Segment Start: Source material
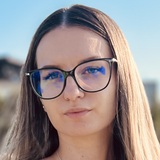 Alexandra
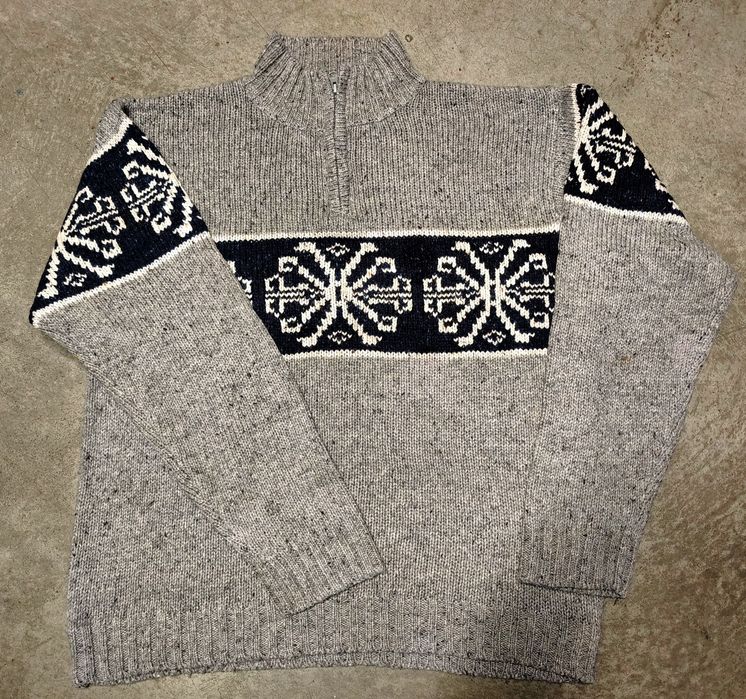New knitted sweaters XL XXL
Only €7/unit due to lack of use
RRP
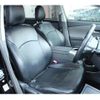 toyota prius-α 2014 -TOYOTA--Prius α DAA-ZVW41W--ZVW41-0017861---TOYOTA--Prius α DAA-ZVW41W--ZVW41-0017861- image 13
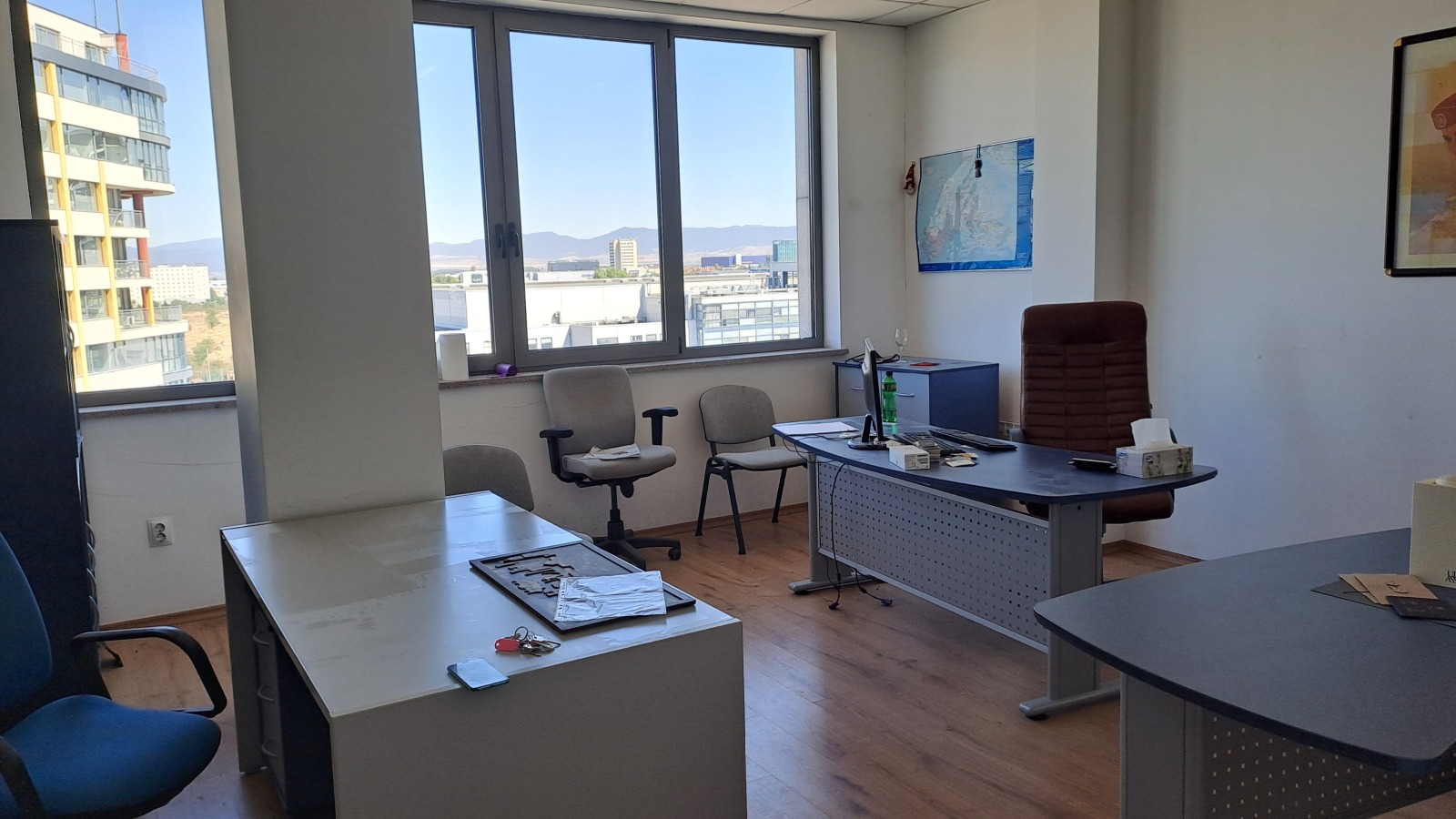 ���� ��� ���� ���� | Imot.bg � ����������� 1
Segment End: Source material
Segment Start: Source material
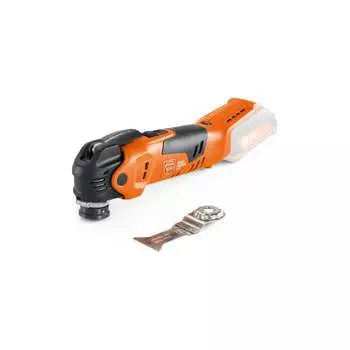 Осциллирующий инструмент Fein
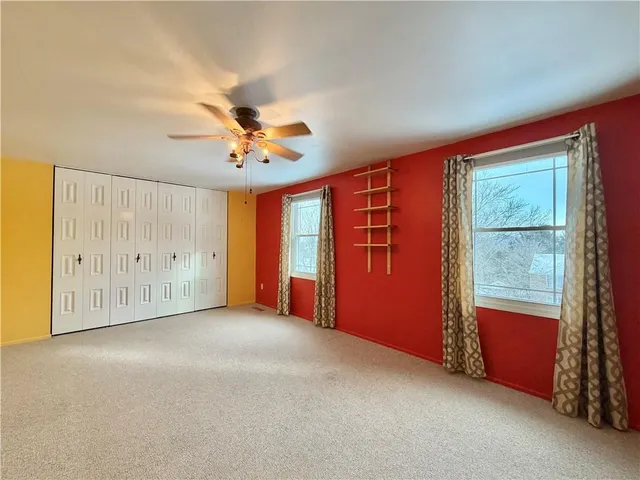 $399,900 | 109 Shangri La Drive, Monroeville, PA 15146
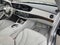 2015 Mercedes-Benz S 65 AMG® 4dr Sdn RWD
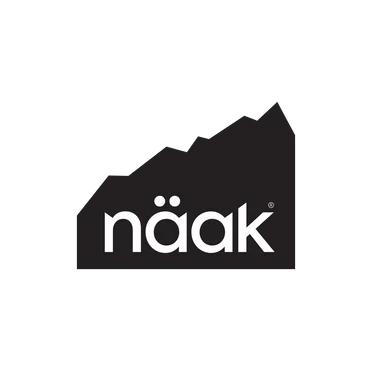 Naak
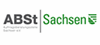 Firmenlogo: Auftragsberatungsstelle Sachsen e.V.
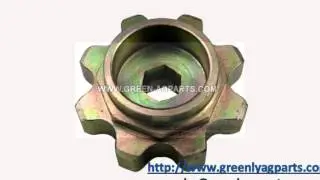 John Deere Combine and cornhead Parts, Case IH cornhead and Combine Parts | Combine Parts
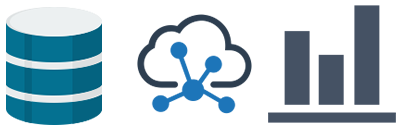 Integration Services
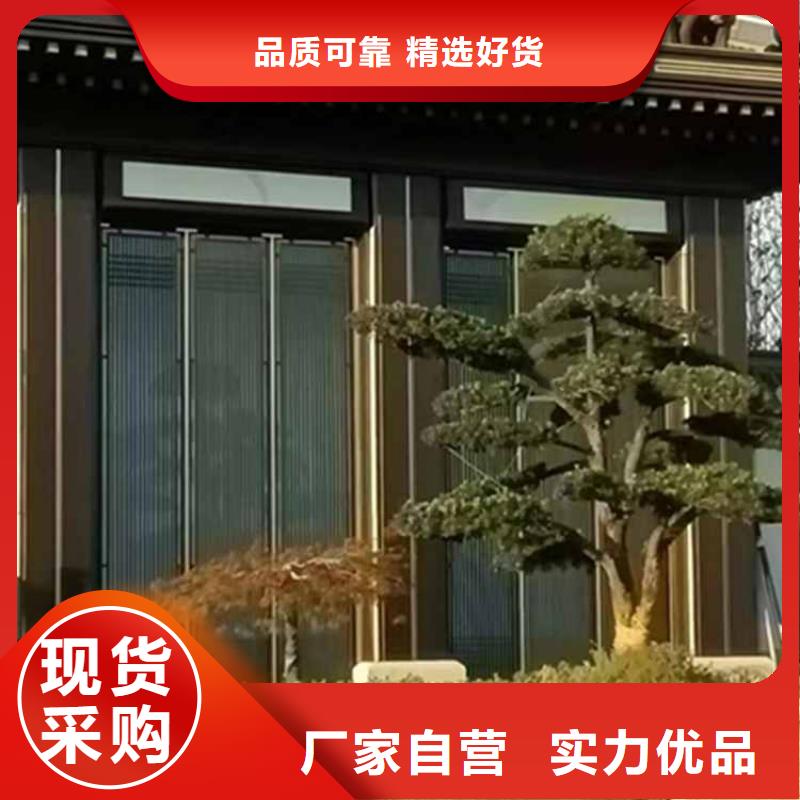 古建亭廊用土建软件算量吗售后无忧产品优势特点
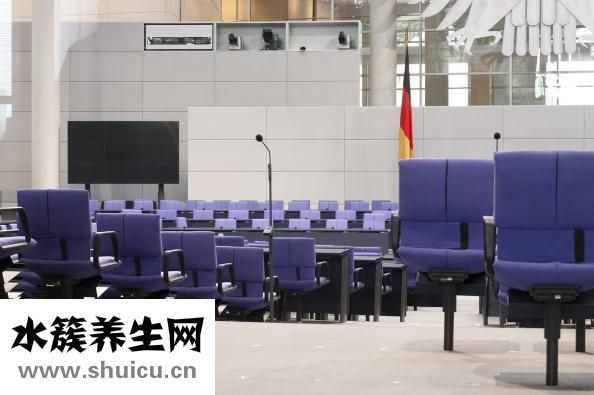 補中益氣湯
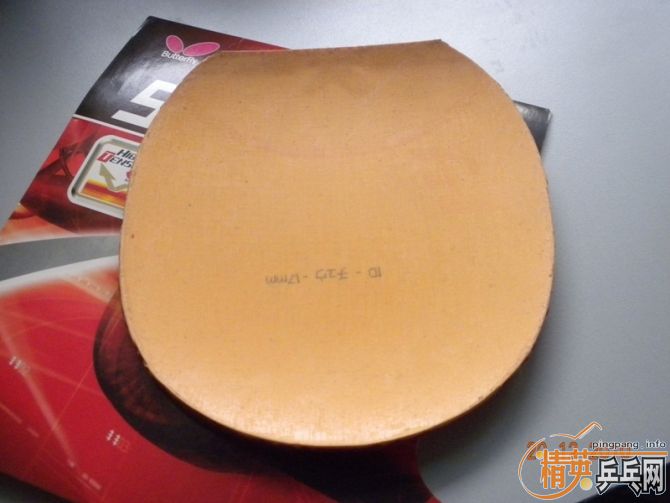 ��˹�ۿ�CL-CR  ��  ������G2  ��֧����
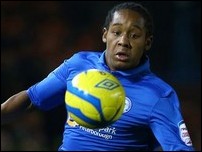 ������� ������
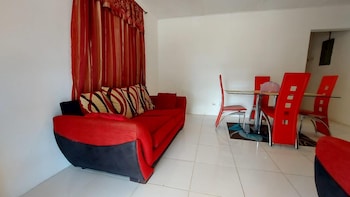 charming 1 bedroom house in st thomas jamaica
Segment End: Source material
→ **Exercise description**
Could you transcribe exactly the entries above, but only the lines from the one with "Firmenlogo: Auftragsberatungsstelle Sachsen" through the one with "charming 1 bedroom", and without pictures?

→ **Output of the exercise**
 Firmenlogo: Auftragsberatungsstelle Sachsen e.V.
 John Deere Combine and cornhead Parts, Case IH cornhead and Combine Parts | Combine Parts
 Integration Services
 古建亭廊用土建软件算量吗售后无忧产品优势特点
 補中益氣湯
 ��˹�ۿ�CL-CR  ��  ������G2  ��֧����
 ������� ������
 charming 1 bedroom house in st thomas jamaica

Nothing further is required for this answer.